A few weeks ago I took my 15 yr old on a dive with a 135 ft max depth. He stayed up around 120 or so I think. We were using computers (and nitrox) and we went a little into deco. We each had a pony bottle. We had not really planned to put him into deco and for some reason his computer showed more deco than me... maybe 6 minutes. He had an aluminum 80 tank.
It was no big deal really, but it did show me a problem with my somewhat causal attitude about teaching him this stuff (he was issued a PADI Jr. Diver card several years ago). Normally, I am pretty casual about safety stops and I generally lead and he follows and he often will stay 5-8 feet below me on ascent and on the hang. He can control his level easily (if he cares), but I've been pretty casual about it, I guess.
So we get up to the stop at 20 ft (a slow ascent has not reduced our deco time)and I have a reel and a float, so I have it easy, I just dump air from the BC, get heavy and hang down from the float with no need to pay attention to depth, since I am effectively tethered at the desired depth. Well the kid keeps sinking down and hanging like 5 ft below me. I signal to ascend a little and he does, but then 30 seconds later he is 5 ft below me.
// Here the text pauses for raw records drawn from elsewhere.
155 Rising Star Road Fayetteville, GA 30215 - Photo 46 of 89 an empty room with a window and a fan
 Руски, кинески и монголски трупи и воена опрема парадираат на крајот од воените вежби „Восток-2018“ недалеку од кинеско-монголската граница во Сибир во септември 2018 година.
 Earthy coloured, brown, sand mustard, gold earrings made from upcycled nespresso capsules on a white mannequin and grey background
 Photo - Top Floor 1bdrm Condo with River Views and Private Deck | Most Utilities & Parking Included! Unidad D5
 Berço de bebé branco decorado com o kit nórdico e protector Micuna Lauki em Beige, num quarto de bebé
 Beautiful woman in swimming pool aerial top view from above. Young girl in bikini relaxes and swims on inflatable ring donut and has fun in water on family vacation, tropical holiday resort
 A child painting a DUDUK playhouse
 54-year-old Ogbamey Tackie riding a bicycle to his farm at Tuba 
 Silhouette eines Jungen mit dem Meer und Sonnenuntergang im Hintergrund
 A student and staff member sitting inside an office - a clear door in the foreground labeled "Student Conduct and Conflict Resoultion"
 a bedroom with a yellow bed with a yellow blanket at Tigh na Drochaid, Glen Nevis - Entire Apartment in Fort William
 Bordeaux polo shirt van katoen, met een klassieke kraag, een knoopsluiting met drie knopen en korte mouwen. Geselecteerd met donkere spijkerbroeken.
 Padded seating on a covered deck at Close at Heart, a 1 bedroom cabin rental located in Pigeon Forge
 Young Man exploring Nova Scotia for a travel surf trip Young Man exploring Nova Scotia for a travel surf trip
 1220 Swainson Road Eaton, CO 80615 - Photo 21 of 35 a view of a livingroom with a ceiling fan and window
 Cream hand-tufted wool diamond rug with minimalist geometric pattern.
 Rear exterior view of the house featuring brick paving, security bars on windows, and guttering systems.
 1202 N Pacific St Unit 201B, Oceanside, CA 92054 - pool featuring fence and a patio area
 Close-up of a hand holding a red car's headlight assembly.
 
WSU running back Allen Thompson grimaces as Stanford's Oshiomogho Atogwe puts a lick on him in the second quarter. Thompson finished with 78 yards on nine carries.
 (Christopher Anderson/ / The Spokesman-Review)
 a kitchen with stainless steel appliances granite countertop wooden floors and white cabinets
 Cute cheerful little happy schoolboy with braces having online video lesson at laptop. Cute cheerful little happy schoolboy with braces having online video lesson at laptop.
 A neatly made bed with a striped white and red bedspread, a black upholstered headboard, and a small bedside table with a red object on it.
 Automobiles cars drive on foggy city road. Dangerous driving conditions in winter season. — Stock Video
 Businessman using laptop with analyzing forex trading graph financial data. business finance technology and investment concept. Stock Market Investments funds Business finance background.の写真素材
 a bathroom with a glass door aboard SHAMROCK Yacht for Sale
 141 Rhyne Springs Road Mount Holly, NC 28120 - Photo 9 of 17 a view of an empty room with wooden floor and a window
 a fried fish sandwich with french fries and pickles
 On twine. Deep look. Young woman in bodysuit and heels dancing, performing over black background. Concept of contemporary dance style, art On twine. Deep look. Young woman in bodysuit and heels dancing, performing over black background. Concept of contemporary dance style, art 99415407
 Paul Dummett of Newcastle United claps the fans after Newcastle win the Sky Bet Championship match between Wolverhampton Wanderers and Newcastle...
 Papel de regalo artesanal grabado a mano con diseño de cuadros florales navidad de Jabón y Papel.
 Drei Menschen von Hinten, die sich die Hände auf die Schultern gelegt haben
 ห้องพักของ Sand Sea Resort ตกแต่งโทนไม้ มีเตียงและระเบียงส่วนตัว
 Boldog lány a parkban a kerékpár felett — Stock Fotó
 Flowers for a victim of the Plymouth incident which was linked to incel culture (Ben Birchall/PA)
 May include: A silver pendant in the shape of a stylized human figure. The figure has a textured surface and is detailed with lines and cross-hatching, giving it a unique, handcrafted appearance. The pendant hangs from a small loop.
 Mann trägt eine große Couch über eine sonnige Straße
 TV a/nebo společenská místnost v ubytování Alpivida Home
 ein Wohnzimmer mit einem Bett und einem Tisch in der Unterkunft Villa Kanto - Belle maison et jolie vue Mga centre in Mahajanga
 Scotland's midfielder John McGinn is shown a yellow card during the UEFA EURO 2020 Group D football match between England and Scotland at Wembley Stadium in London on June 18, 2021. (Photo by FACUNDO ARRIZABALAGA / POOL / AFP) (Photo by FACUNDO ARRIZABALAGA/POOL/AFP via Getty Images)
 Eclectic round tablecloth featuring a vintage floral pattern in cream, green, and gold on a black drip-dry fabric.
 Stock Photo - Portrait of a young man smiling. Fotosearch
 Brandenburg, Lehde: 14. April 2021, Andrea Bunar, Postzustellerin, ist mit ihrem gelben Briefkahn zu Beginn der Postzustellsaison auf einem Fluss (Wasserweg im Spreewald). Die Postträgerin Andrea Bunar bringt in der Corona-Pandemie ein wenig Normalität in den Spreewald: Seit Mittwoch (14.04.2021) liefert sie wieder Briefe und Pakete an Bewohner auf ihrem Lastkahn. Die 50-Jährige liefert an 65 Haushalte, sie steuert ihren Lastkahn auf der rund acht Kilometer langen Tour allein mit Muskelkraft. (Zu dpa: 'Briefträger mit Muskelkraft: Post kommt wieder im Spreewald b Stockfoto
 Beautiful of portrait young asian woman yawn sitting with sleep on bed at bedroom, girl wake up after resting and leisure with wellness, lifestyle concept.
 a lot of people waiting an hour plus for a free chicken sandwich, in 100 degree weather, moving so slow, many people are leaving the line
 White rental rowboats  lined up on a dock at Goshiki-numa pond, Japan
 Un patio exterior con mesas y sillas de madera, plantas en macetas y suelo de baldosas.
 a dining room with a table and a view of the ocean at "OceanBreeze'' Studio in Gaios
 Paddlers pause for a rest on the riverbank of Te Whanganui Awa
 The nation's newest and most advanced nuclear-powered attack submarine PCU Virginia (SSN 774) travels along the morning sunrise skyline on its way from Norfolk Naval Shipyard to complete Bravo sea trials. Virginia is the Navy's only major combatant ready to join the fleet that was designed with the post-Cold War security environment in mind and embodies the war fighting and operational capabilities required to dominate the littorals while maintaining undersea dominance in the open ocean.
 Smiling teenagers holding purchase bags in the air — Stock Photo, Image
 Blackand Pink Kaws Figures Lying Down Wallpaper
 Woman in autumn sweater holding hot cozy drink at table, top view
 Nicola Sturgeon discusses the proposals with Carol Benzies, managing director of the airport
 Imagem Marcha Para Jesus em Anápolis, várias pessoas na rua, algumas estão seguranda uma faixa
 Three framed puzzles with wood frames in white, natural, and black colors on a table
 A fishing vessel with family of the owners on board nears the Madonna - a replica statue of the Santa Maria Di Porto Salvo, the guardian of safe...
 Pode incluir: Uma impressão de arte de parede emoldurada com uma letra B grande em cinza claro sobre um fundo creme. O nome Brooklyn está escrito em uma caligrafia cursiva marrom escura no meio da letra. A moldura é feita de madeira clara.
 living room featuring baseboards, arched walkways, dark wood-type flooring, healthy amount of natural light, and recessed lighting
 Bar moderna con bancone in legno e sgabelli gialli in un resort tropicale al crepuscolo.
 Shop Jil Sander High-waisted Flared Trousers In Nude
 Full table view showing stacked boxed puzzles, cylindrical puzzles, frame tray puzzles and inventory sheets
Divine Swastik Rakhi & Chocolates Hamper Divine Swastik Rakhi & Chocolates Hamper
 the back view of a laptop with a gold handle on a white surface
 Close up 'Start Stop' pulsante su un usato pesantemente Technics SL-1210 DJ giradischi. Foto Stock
I quickly loose patience with him on this and my signals get more frantic and intense, and he still doesn't seem to "get it" that I want him hanging RIGHT with me at the desired depth. In retrospect, I should have handed him the float and that would have fixed his deco stop depth.
He now understands that when we do a "real deco" dive, he needs to be a little more precise in his drift diving deco stop depth precision. On the boat, I explained that the scubaboard Nazi's worry about holding stop depths to less than a foot and they seem to make it into some sort of competition.
So the precision of the stop depth is something that may be a little different for a recreational versus technical diver.